** EXERCISE INPUT follows **

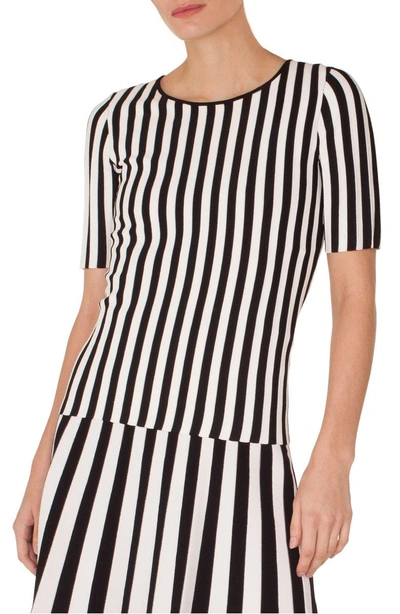 Shop Akris Punto Kodak Stripe Top In Black-cream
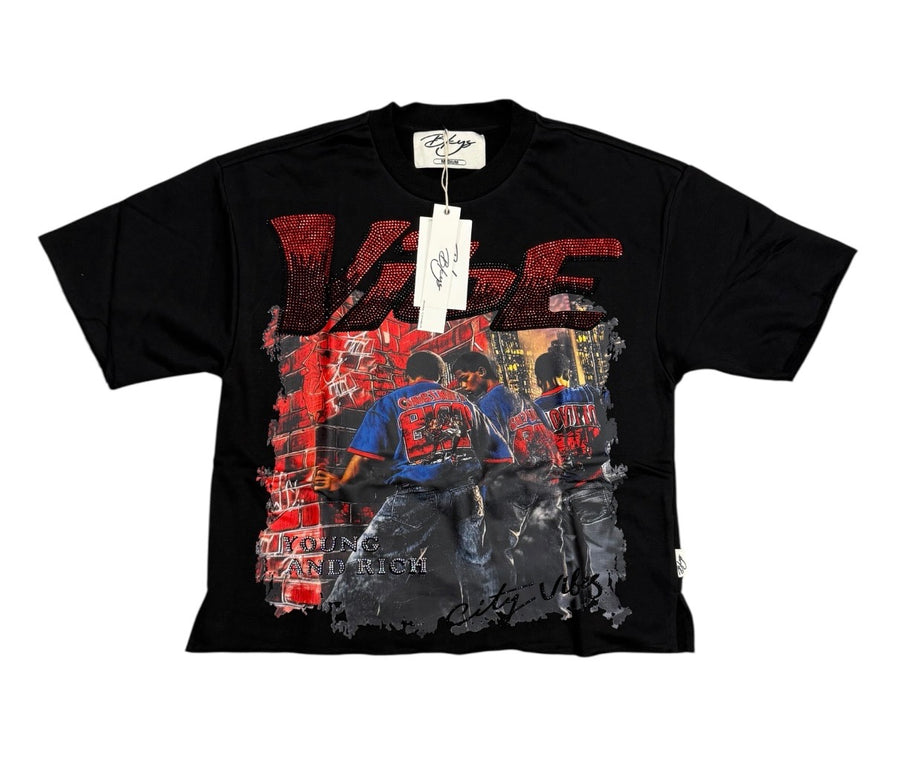 "VIBE" Cropped T-Shirt Black T1354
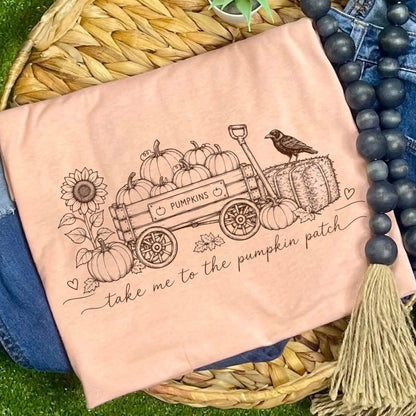 take to the pumpkin patch screen print transfer•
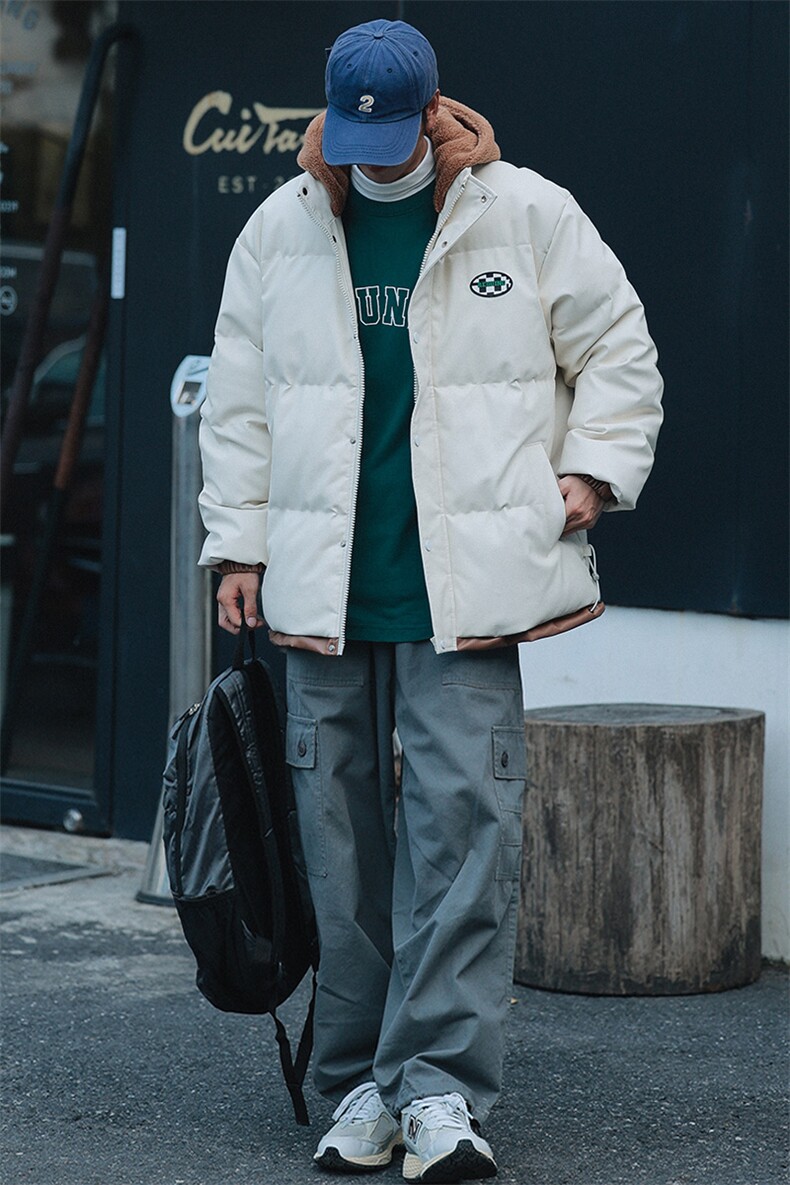 冬季港风潮假两件PU皮棉衣外套加绒百搭棉服男士8132-P145控价188,男装棉衣,电商A441-1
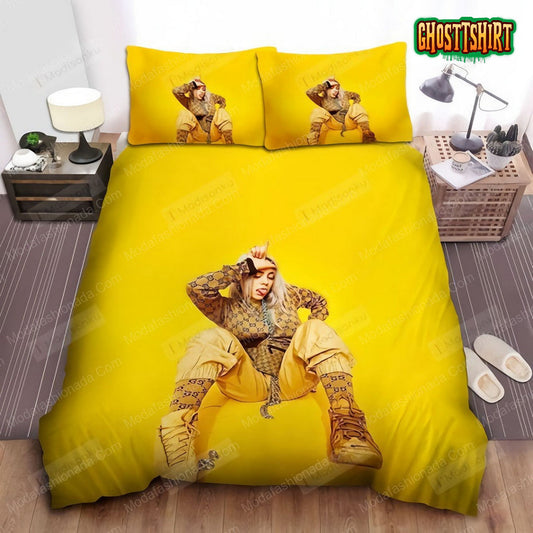 Billie Eilish In Yellow Background Photograph 31 Bedding Set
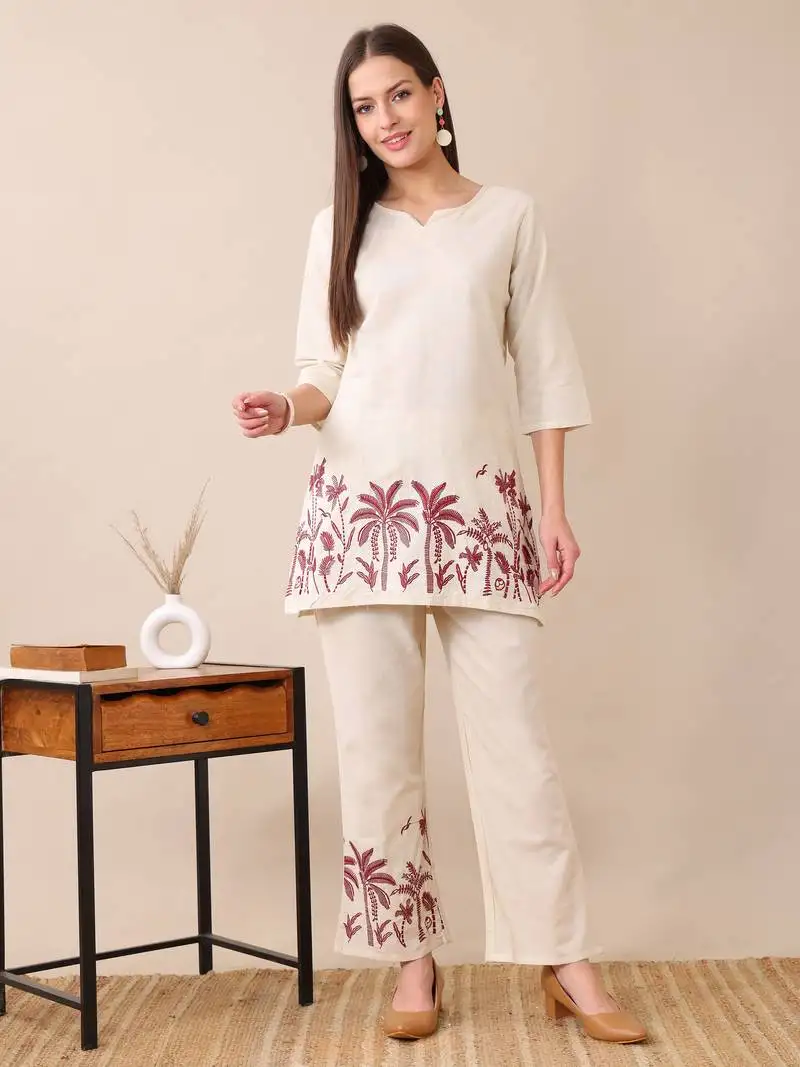 Anushil women's printed co-ord set | stylish cotton blend kurta & palazzo set | stitched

** End of EXERCISE INPUT **

**EXERCISE PROMPT**
A faithful copy of the data above is wanted, with every image left out.

**SOLUTION FOR THIS PROBLEM**
 Shop Akris Punto Kodak Stripe Top In Black-cream
 "VIBE" Cropped T-Shirt Black T1354
 take to the pumpkin patch screen print transfer•
 冬季港风潮假两件PU皮棉衣外套加绒百搭棉服男士8132-P145控价188,男装棉衣,电商A441-1
 Billie Eilish In Yellow Background Photograph 31 Bedding Set
 Anushil women's printed co-ord set | stylish cotton blend kurta & palazzo set | stitched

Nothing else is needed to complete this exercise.